Three Distinct Points and Their Normal Lines 
Suppose That three points on the graph of $y=x^2$ have the property that their normal lines intersect at a common point. Show that the sum of their $x$-coordinates is $0$.

I have a lot going but can not finish it.
Proof:
Let $(a,a^2)$, $(b,b^2)$, and $(c,c^2)$ be three distinct points on $y=x^2$ such that $a\not=b\not=c$.
Find the tangent slope and the slope of their normal lines.

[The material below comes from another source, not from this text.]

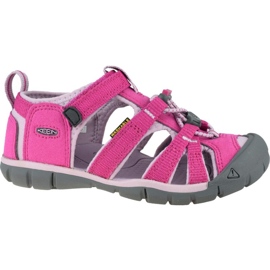 Sandalias Keen Seacamp Ii Cnx 1022979 rosa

$$(a,a^2) \hspace{4mm}m_{tan}=2a, \hspace{4mm} m_{norm}=\frac{-1}{2a}$$
$$(b,b^2) \hspace{4mm}m_{tan}=2b, \hspace{4mm} m_{norm}=\frac{-1}{2b}$$
$$(c,c^2) \hspace{4mm}m_{tan}=2c, \hspace{4mm} m_{norm}=\frac{-1}{2c}$$
Normal Line $(a,a^2)$
$y-a^2=-\frac{1}{2a}(x-a) \implies y=-\frac{1}{2a}x+\frac{1}{2}+a^2$
Normal Line $(b,b^2)$
$y-b^2=-\frac{1}{2b}(x-b) \implies y=-\frac{1}{2b}x+\frac{1}{2}+b^2$
Normal Line $(c,c^2)$
$y-c^2=-\frac{1}{2c}(x-c) \implies y=-\frac{1}{2c}x+\frac{1}{2}+c^2$
Find the $x$-interception points between the normal lines of $(a,a^2)$ and $(b,b^2)$.

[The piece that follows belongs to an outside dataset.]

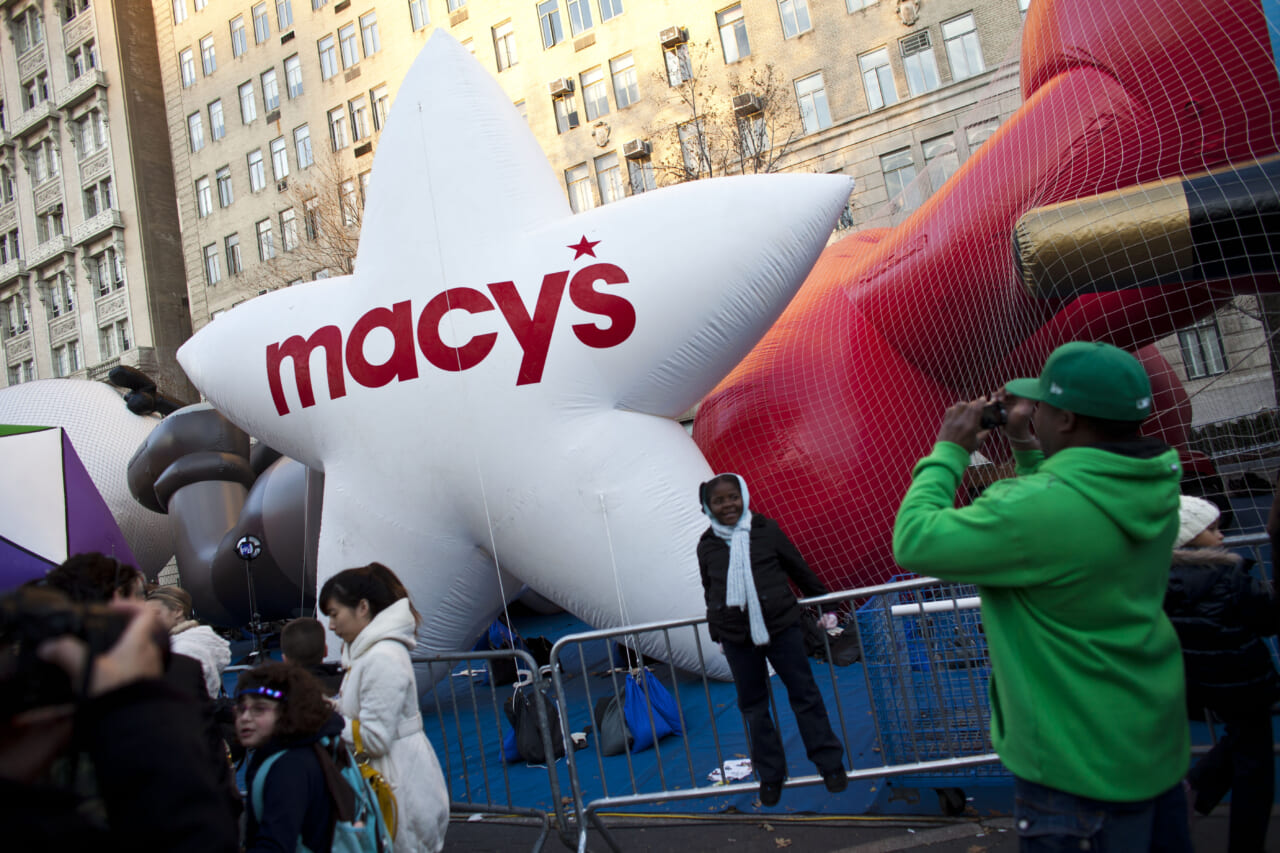 Macy's Prepares Floats For Thanksgiving Day Parade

$-\frac{1}{2a}x+\frac{1}{2}+a^2=-\frac{1}{2b}x+\frac{1}{2}+b^2 \implies x=-(b+a)2ab$
Find the $x$-interception points between the normal lines of $(a,a^2)$ and $(c,c^2)$.
$-\frac{1}{2a}x+\frac{1}{2}+a^2=-\frac{1}{2c}x+\frac{1}{2}+c^2 \implies x=-(c+a)2ac$
Find the $x$-interception points between the normal lines of $(b,b^2)$ and $(c,c^2)$.
$-\frac{1}{2b}x+\frac{1}{2}+b^2=-\frac{1}{2c}x+\frac{1}{2}+c^2 \implies x=-(c+b)2bc$
Show that $a+b+c=0$
$$\begin{align}
....\\
....\\
....\\
\end{align}$$
I do not know how to show that $a+b+c=0$. Any advice on how to continue? Thanks in advance!
 A: Since all normal lines intersect at a common point you have
$$
-(b+a)2ab=-(c+a)2ac=-(c+b)2bc,
$$
which means
$$
b^2a+a^2b=c^2a+a^2c=c^2b+b^2c.
$$
Now if $a=0$
$$
c^2b+b^2c=0\Rightarrow c=-b.
$$
If $a\neq0$,since $b\neq c$, from the first equality
$$
(b^2-c^2)a=-a^2(b-c) \Rightarrow b+c=-a.
$$
A: Michele Maschio’s answer picks up nicely where you left off, although neither your partial solution nor that answer deals with the case that one of the points is the origin, where the slope of the normal is undefined. This is a slightly different approach that doesn’t need to consider that case separately.  
If $y=f(x)$ is differentiable at $x=x_0$, then an equation of the line normal to the curve at the point $(x_0,f(x_0))$ is $(x-x_0)+f'(x_0)(y-f(x_0))=0$. In contrast to the slope-intercept form of the equation for a line, this form is also valid when $f'(x_0)=0$. For this problem the equation is $$(x-x_0)+2x_0(y-x_0^2)=0$$ or, after rearranging a bit, $$x+2x_0y=x_0(1+2x_0^2).$$ The condition that the normals through three distinct points with $x$-coordinates $a$, $b$ and $c$ gives us the system $$\begin{align}x+2ay&=a(1+2a^2)\\x+2by&=b(1+2b^2)\\x+2cy&=c(1+2c^2).\end{align}$$ Subtract the first equation from the other two to eliminate $x$: $$\begin{align}2(b-a)y&=2b^3-2a^2+b-a\\2(c-a)y&=2c^3-2a^3+c-a.\end{align}$$ Cross-multiply and subtract to eliminate $y$, producing $$\begin{align}0&=(c-a)(2b^3-2a^3+b-a)-(b-a)(2c^3-2a^3+c-a) \\ &=2a^3b-2ab^3+2b^3c-2bc^3+2c^3a-2ca^3 \\ &= 2(b-a)(c-b)(a-c)(a+b+c).\end{align}$$ The last two expressions have a satisfying symmetry that reflects the symmetry of the roles of the three points in the problem. Since the three points are distinct, we must have $a+b+c=0$ for our system of equations to be consistent.
A: $b^2a+a^2b=c^2a+a^2c=c^2b+b^2c\rightarrow b^2a+a^2b=c^2a+a^2c$
$\rightarrow b^2a-c^2a=-a^2b+a^2c\rightarrow (b^2-c^2)a=-a^2(b-c)$